The Queen of All Proverbs

by BILL WADDELL

"... perhaps the queen of all proverbs.  The road to hell is paved with good intentions." So said Richard Chenevix Trench long ago, and he may well have been talking about Starbucks and their lean deployment.  For that matter, he may well have been talking about the vast majority of companies that pursue lean.

Most of the time when I link to an article I don't really expect anyone to read it.  I just put the link there to prove I'm not making this stuff up.  This time is different, however.  I really hope you read the whole article on the lean foibles at the coffee company.

"The company has deployed a "lean team" to study every move its baristas make in order to shave seconds off each order." I'm sure Starbucks had good intentions when they decides to send lean teams into the coffee joints to shape things up; and I'm sure the lean 'experts' who trained and led the teams had every intention of using lean thinking and lean techniques to make things better for everyone.  They all missed the point, though, and now they are grappling with a false and wholly unnecessary apparent conflict between cost and quality.

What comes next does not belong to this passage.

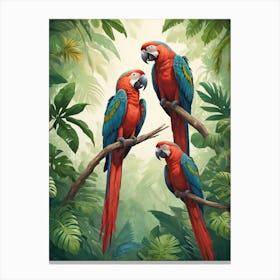 Parrots In The Jungle Canvas Print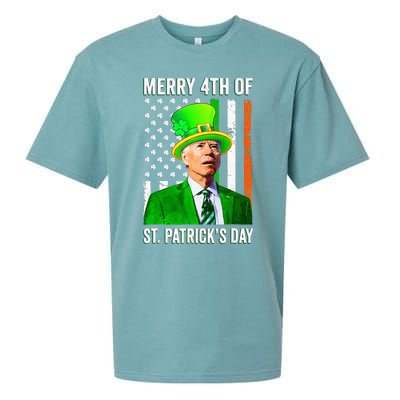 Merry 4th Of St Patrick's Day Joe Biden Leprechaun Hat Sueded Cloud Jersey T-Shirt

Lean tools such as 5S and standardized work - the two lean things Starbucks seemed to have cherry-picked to built their lean deployment around - were designed to compress the cycle time of the process, and thereby drive out unnecessary waste and cost.  The value stream map of the process to improve does not follow the customer - it should follow the product - the coffee beans and the milk, in their case.  Customer experience mapping is an entirely different deal.

It doesn't look as though they even followed the customer, however.  Rather, they jumped right into the direct labor element - the 30-60 seconds of the process where some guy actually makes a cuppa joe for someone.  Then they used a couple of lean tools that are really not the exclusive purview of lean at all.

Lean manufacturing and good old fashioned industrial engineering are hardly mutually exclusive.  Moving the bins of coffee beans from below the counter to a more convenient place may well be something someone does in the course of a 5S effort and creating standard work.  It is also something a classical industrial engineer with a stopwatch would have done in 1953.  It is a lot like sweeping the floor as part of a 5S effort.  Just because you use a broom in the course of the 5S, don't make the mistake of thinking Toyota and Shigeo Shingo invented brooms.

Lean IE Overlap

The tried and true IE techniques that trace back to old FW Taylor and the systematic abuse of people were created and perfected to support the old business model centering around direct labor optimization.

Lean techniques were developed and are still being perfected in support of the Lean Business Model centering on flow.  The woods are full of 'experts' who don't really understand the difference, and they are full of business leaders who either don't understand the difference either, or who refuse to let go of their old labor cost centered understanding of business economics.  Those folks pursue lean in that gray overlap area in the diagram above.  It enables them to look lean and talk lean without really letting go of the old manufacturing paradigms.

What Starbucks did was hardly lean at all.  It was just focusing on the small part of lean that fits with old school thinking.  Starbucks is making more money not because of this misapplication of lean, but because it reduces its fixed capacity (number of stores), rolled out new products and provided a better value for its customers with the additional perks in the loyalty card program.  Their lean effort didn't help them at all.  It only created the cost versus quality dilemna described in the article.

So what should they do now?  Truly understanding and pursuing the Lean Business Model is the best thing they can do in the long term.  In the short term my advice is to get rid of the 'lean teams' and buy everyone a copy of The Goal.  They are not in a lean situation at all - they are just an old time business model with a constraint problem.